EXERCISE PROMPT: Please restate each line of the data below exactly. Omit all images.

DATASET CONTENT:
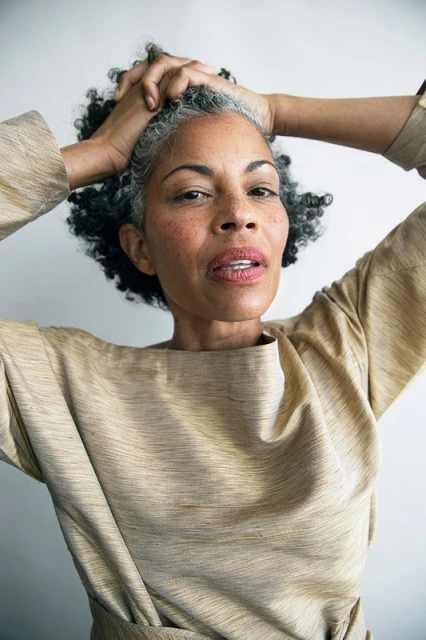 A portrait captures a mature Black woman with hands behind her head, graying curly hair, and a light brown shirt against a white backdrop.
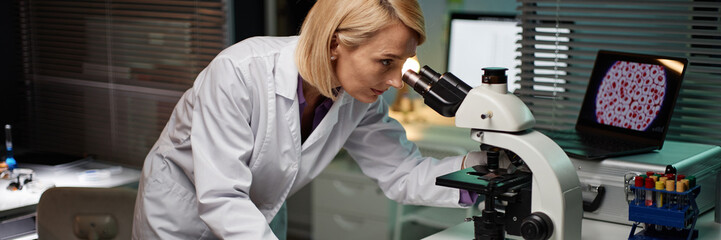 Website header shot of Caucasian middle aged woman examining sample through microscope in...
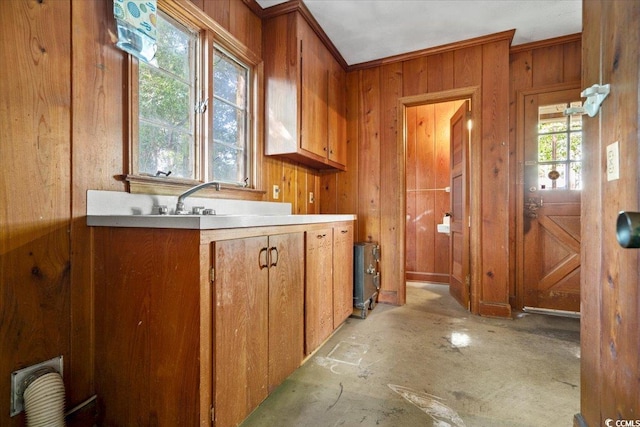 kitchen with wooden walls and crown molding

RESPONSE TO THIS TASK:
 A portrait captures a mature Black woman with hands behind her head, graying curly hair, and a light brown shirt against a white backdrop.
 Website header shot of Caucasian middle aged woman examining sample through microscope in...
 kitchen with wooden walls and crown molding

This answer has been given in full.